Невольно задумываешься, в какой степени эта замечательная концепция пифагорейского пейзажа является изобретением самого Пуссена. В ней нет ничего от Тициана или Джорджоне (в других отношениях оказавших на Пуссена огромное влияние), совсем немного от братьев Карраччи. Думаю, что в построении пейзажа истинным предтечей Пуссена был Джованни Беллини. Хотя Пуссен ни разу не упоминает Беллини, он выполнил полноразмерную копию беллиниевского «Пира богов» — картины, которая в течение долгого времени считалась одной из основополагающих в формировании его стиля. Стоит обратиться к «Вознесению» Беллини, и мы увидим, что оно строится на только что описанных мною геометрических принципах. Нас поражает огромный прямоугольник гробницы — соотношение пустоты и плотности подчинено золотому сечению и ритмичному движению горизонталей. Еще более важен угол, образуемый древком стяга Христа в месте пересечения с грядой облаков; нельзя не заметить, что линия древка продолжена вниз, минуя фигуру спящего воина, и доходит до упавшей двери гробницы. Мы привыкли считать, что искусство Беллини обращено скорее к сердцу и зрению, чем к рассудку, и нас не могут не удивить подобные интеллектуальные упражнения, Но и в фоне «Мадонны в лугах» (ил. 36), и в «Аллегории» из Галереи Уффици (ил. 66) мы видим то же самое.
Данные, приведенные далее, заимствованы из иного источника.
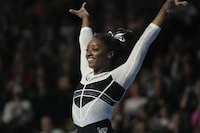 Simone Biles reacts after performing in the floor exercise at the U.S. Classic gymnastics competition Saturday, Aug. 5, 2023, in Hoffman Estates, Ill. (AP Photo/Erin Hooley)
В живописи Пуссена эти принципы наиболее полно разработаны в героических пейзажах, созданных около 1650 года, особенно в тех, что иллюстрируют историю Фокиона. Они демонстрируют глубокое внутреннее единство формы и содержания в идеальном пейзаже — суровый рассказ Плутарха вдохновил Пуссена на создание самых строгих его композиций (ил. 77). Они призваны символизировать опасность, которой чревато непостоянство черни, приговорившей к смерти великого предводителя единственно на том основании, что он не искал ее расположения и отличался вызывающей раздражение способностью всегда быть правым; по замыслу Пуссена декорации, на фоне которых разворачивается эта история, должны быть предельно простыми. Никакой красоты освещения, никаких пленительных перспектив — только насыщенная, логично построенная бескомпромиссно фронтальная композиция. Прочность этих огромных масс, уверенность, с какой взгляд зрителя уводится вдаль и останавливается евклидовой завершенностью храма, производят впечатление несокрушимой логики. Но в прекрасных мифах, написанных Пуссеном между 1658 и 1665 годами, геометрический пыл остывает или, по крайней мере, маскируется. Эти произведения по-прежнему представляют собой в полном смысле идеальные пейзажи. Как сказал Хэзлитт, «в них реализуется заранее принятое решение. Пуссен использует природу в своих собственных целях, разрабатывает ее образы в соответствии с собственными интеллектуальными критериями… здесь дается основная идея художественного замысла, все остальное вырастает из нее и уподобляется ей благодаря неустанной работе прилежного воображения». Но в том же фрагменте Хэзлитт справедливо замечает, что Пуссен «мог бы придать ландшафту, на фоне которого разворачиваются его героические сюжеты, вид живой природы в ее нетронутой первозданности и полноте, основательной, щедрой, пышной, изобилующей жизнью и силой». И именно это чувственное понимание как органических, так и абстрактных форм делает последние пейзажи Пуссена бесконечно убедительными.
При том что их сюжеты заимствованы из античных мифов — Орфей и Эвридика, Полифем, гигант Орион — и, вне всякого сомнения, навеяны прилежным чтением классических авторов, они, по-моему, ничем не напоминают воображаемые миры Овидия и Вергилия. Они слишком серьезны, слишком отягчены мыслью и осознанием первородного греха. Царство Сатурна закончилось. Глядя на эти долины с таинственными лесами и беззвучными потоками «вдали от пламенной луны», нельзя не вспомнить первые строки «Гипериона» и то, что Китс, который, как правило, искал вдохновения в произведениях искусства, наверняка был знаком с поздними пейзажами Пуссена — теми, что так любили Хэзлитт и Лэм. «Гиперион» — последнее и величайшее произведение в духе Мильтона, и, когда размышляешь о Пуссене, прежде всего вспоминается именно Мильтон. И хотя ему был чужд крайний рационализм Пуссена, у обоих мы находим тот же восторг перед языческим богатством цвета и образности — в молодости; те же напряжение и дидактичность — в зрелые годы; а в старости — те же самоотречение и отрешенность от мира, придающие новую глубину их поэтическому видению.